Eu sempre pensei que minhas filhas iriam se casar com um homem de bem, nem rico nem pobre, nem feio nem bonito, nunca imaginei que iria casar com um extraterrestre, ainda mais, com esses daí, de bochecha fina. No final, eu não sabia mais diferenciar nenhum, nem ninguém.

A vida foi perdendo a graça, perdendo o sentido, a noção, perdeu tudo. Resolvi ir embora, fugir de toda essa coisa alienígena, fugir de toda essa estranheza, eu não me sentia mais na Terra, parecia outro planeta, outro mundo do qual eu não pertencia. Fui para a roça, virei peão, capinava e colhia e plantava e capinava e por aí vai. Mas não funcionou, eles tinham criados esses “faróis”, uns pilares de luz que podiam ser vistos do espaço, era bem medonho, uma luz branca, fraca, doente, mas estava sempre lá no céu noturno, uma faixa, me lembrava o holofote que usavam para chamar o Batman.

Comecei a não sair de casa à noite, não ver mais as estrelas, não via mais televisão, não falava mais com ninguém, ficava sozinho na maior parte do tempo. Os donos da fazenda vinham falar comigo, os meus chefes e alguns dos meus parceiros no trabalho, e eu sempre respondia sim senhor, não senhor e logo logo me afastava e voltava a ficar sozinho. Não sabia de onde eram, quem eram e como eram, os rostos se confundiam, minha cabeça começou a me pregar tantas peças que, quando eu me olhava no espelho, achava que era um deles.

Então nem espelho mais eu tinha.

E foi indo, de pouco em pouco, os meses se passaram, as colunas de luz ainda estavam adoecendo meu céu e, vez ou outra, ainda via uma nave passando, esquisita, pontuda ou em forma de charuto. Então em uma tarde onde o sol estava me castigando, uma nave parou no ar, em cima de mim, sem fazer um só ruído e de lá, uma nave menor desceu e minha filha saiu dela, veio me fazer uma visita.

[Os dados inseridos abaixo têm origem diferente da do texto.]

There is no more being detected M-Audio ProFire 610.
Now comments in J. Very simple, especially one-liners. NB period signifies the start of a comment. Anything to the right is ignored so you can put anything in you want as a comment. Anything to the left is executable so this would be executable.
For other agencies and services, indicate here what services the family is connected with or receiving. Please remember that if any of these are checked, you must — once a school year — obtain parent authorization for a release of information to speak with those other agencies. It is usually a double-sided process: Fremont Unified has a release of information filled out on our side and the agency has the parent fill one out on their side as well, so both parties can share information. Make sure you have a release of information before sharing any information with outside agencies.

Minha filha era uma alienígena então.

Foi naquele dia, depois de ela ir embora, que eu escrevi está carta, fotocopiei um monte delas, enviei para tudo quando é revista, jornal, blog e site que eu encontrei e, do jeito mais terreno que eu conheço, vou amarrar uma corda no meu pescoço, a outra ponta na arvore e saltar.

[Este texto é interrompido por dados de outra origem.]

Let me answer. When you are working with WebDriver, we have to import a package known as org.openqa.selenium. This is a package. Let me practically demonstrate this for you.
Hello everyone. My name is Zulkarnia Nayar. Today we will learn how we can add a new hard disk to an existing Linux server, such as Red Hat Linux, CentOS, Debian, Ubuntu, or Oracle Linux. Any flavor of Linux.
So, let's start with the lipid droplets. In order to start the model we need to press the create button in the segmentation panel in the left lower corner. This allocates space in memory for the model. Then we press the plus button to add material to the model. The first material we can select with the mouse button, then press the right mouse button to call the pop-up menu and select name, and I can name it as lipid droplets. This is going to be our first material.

Só peço perdão por não ter conseguido entender esse mundo de vocês, Emma, Elizabete, mas fico feliz que vocês estejam aí, felizes, com seus amigos do outro mundo. Eu vou para o meu céu agora, onde eu deveria estar a muito tempo, onde eu deveria ter acompanhado, segurando na mão do inocente Eduardo, e caminhado os degraus até o céu que eu conhecia, que para mim, ainda deve ser o mesmo céu do meu paraíso.